37. Group Anagrams

Problem Statement

Given an array of strings strs, group the anagrams together. You can return the answer in any order.

An Anagram is a word or phrase formed by rearranging the letters of a different word or phrase, typically using all the original letters exactly once.

Example 1:

Input: strs = ["eat","tea","tan","ate","nat","bat"] Output: [["bat"],["nat","tan"],["ate","eat","tea"]]

Example 2:

Input: strs = [""] Output: [[""]]

Example 3:

Input: strs = ["a"] Output: [["a"]]

Solution

from collections import defaultdict

class Solution:
    def groupAnagrams(self, strs: list[str]) -> list[list[str]]:
        # Use a defaultdict where keys are sorted tuples of characters
        # and values are lists of anagrams.
        anagram_groups = defaultdict(list)

        for s in strs:
            # Sort the string to create a canonical key for anagrams
            # e.g., "eat" -> "aet", "tea" -> "aet", "ate" -> "aet"
            sorted_s = ''.join(sorted(s))
            anagram_groups[sorted_s].append(s)

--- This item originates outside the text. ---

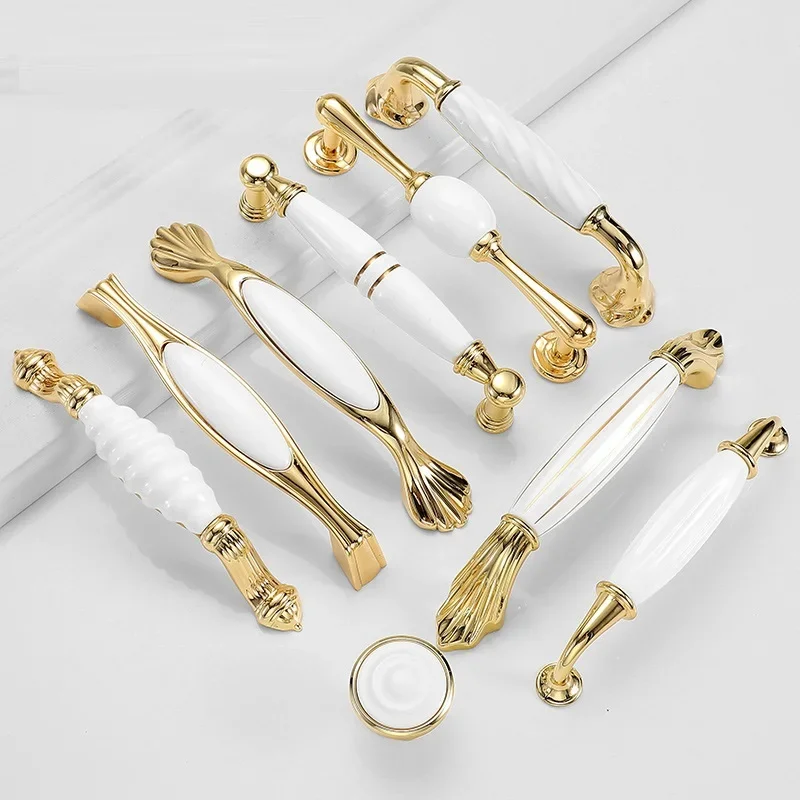 European Style Cabinet Handle, Gold Ceramic Drawer, Single Hole Cabinet, Wardrobe Handle, Zinc Alloy Cabinet Door Handle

        # Return the values (lists of anagrams) from the dictionary
        return list(anagram_groups.values())

Explanation

The core idea to group anagrams is to find a canonical representation for each group of anagrams. Since anagrams contain the same characters with the same frequencies, sorting the characters of an anagram will always result in the same string.

  1. Canonical Key: For each string in the input list strs, we sort its characters alphabetically. For example, "eat", "tea", and "ate" all become "aet" after sorting. This sorted string acts as a unique key for all its anagrams.

  2. Hash Map (DefaultDict): We use a hash map (specifically, collections.defaultdict(list) in Python) where:

    • The keys are the sorted strings (our canonical representation).
    • The values are lists of the original strings that produce that sorted key.
  3. Grouping: We iterate through the input strs. For each string s, we sort it to get its sorted_s key. We then append the original string s to the list associated with sorted_s in our anagram_groups dictionary.

  4. Result: Finally, we extract all the values from the anagram_groups dictionary. Each value is a list of strings that are anagrams of each other.

The time complexity is O(N * K log K), where N is the number of strings in strs and K is the maximum length of a string. This is because for each of the N strings, we sort it, which takes K log K time. The space complexity is O(N * K) in the worst case, where all strings are unique and stored in the dictionary.